Material shown section start
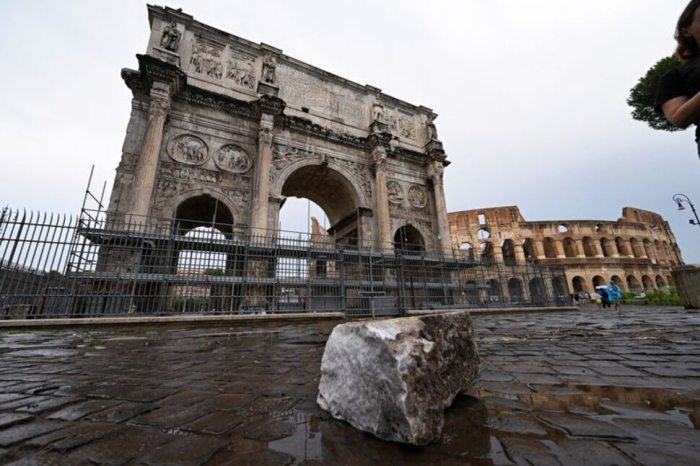 Ancient Roman Arch of Constantine damaged by lightning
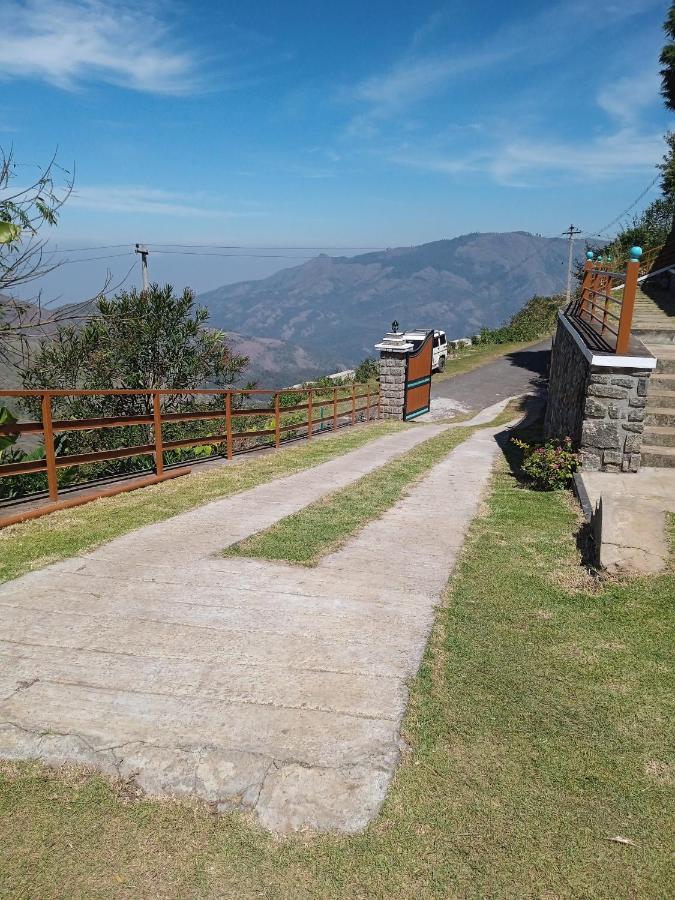 Noor Garden - Wood Cabins โกไดกานัล ภายนอก รูปภาพ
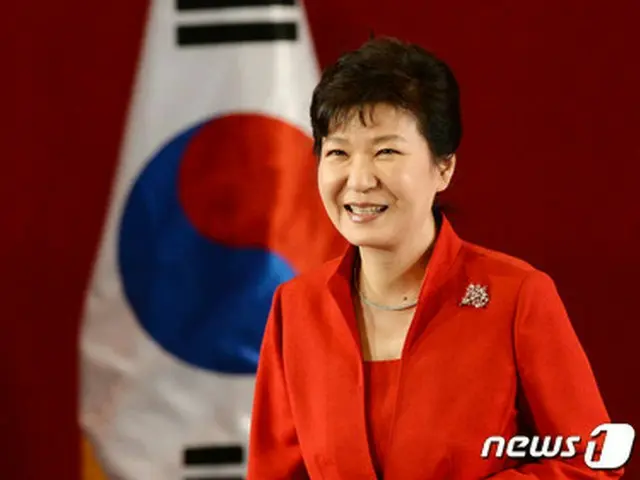9月3日に中国70周年戦勝節行事に出席する韓国の朴槿恵大統領に対し、「事大主義で亡くなった閔妃（明成皇后）だ」といった内容で表現した日本の産経新聞に対して31日、韓国与野党が一斉に糾弾した。（提供:news1）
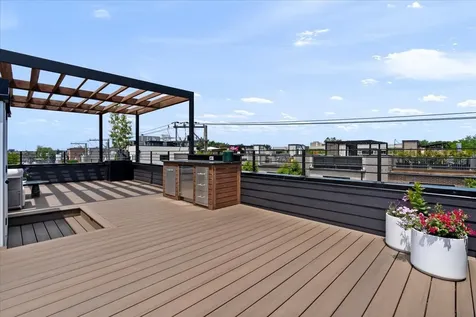 610 North Damen Avenue Chicago IL 60622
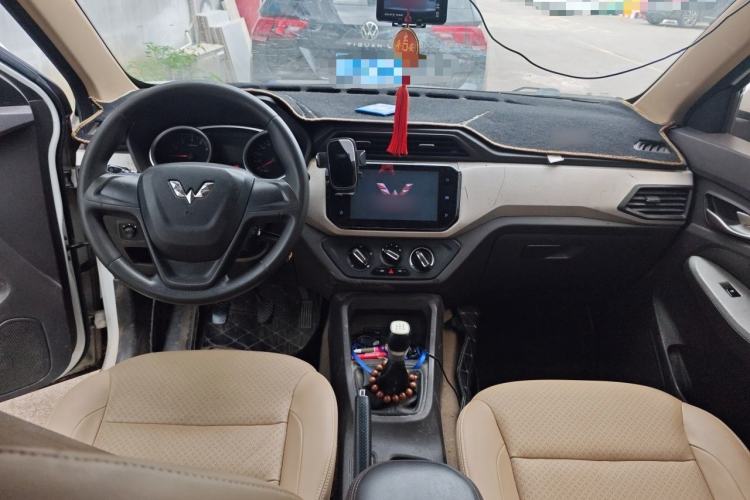 Used Wuling Hongguang 2018 1.5L S Comfort Model L2B Center Console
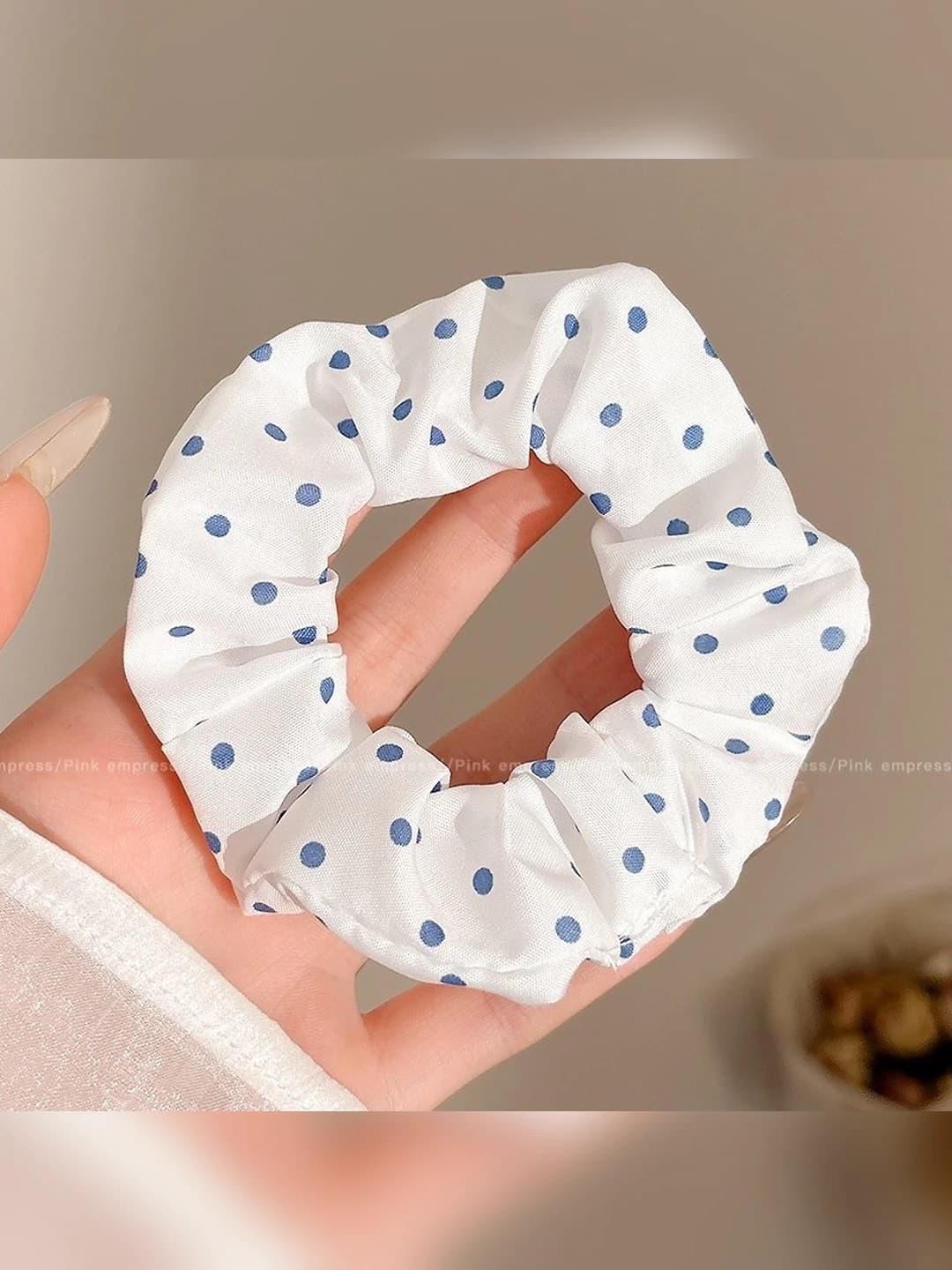 4# Белый с синими точками 9cm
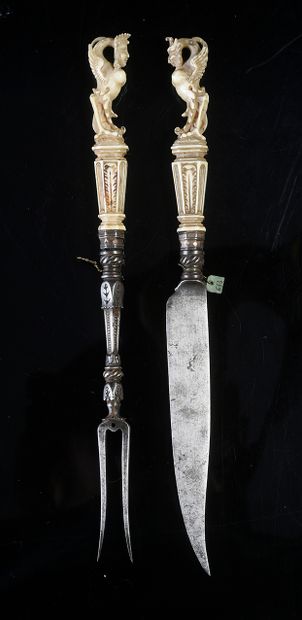 null Couteau et fourchette à deux dents avec manche en ivoire sculpté d'une harpie.
XVIIe...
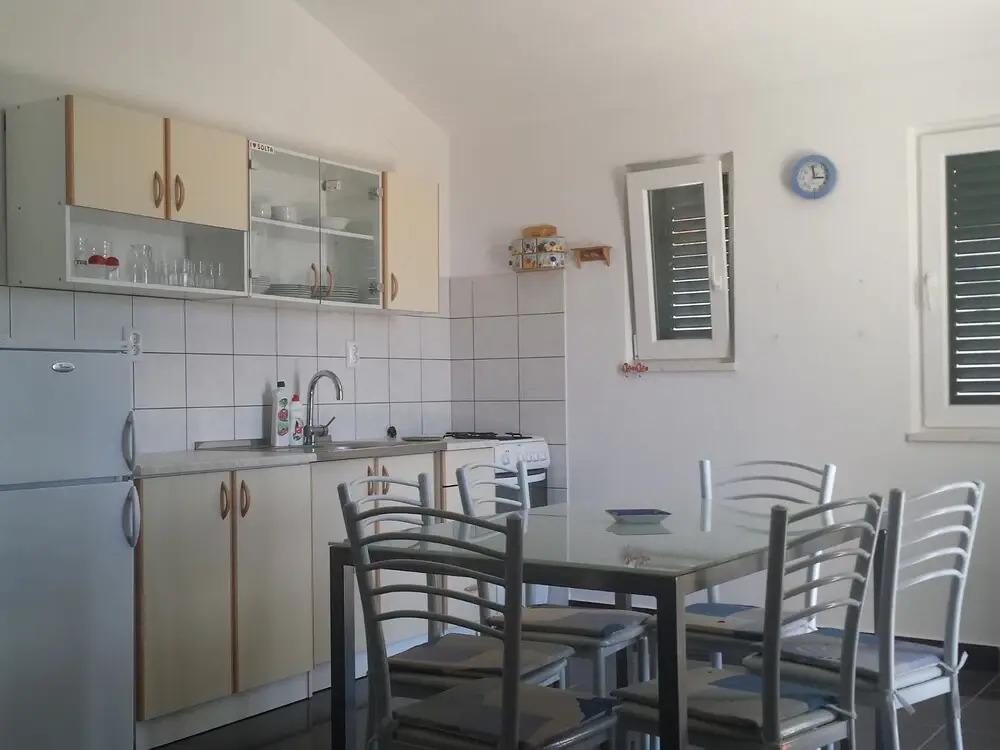 Elizabet - Great Location & Close to the Beach - A1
Material shown section end
**Exercise aim**
Skip the pictures and reproduce all remaining entries exactly.

**Reply**
 Ancient Roman Arch of Constantine damaged by lightning
 Noor Garden - Wood Cabins โกไดกานัล ภายนอก รูปภาพ
9月3日に中国70周年戦勝節行事に出席する韓国の朴槿恵大統領に対し、「事大主義で亡くなった閔妃（明成皇后）だ」といった内容で表現した日本の産経新聞に対して31日、韓国与野党が一斉に糾弾した。（提供:news1）
 610 North Damen Avenue Chicago IL 60622
 Used Wuling Hongguang 2018 1.5L S Comfort Model L2B Center Console
 4# Белый с синими точками 9cm
 null Couteau et fourchette à deux dents avec manche en ivoire sculpté d'une harpie.
XVIIe...
 Elizabet - Great Location & Close to the Beach - A1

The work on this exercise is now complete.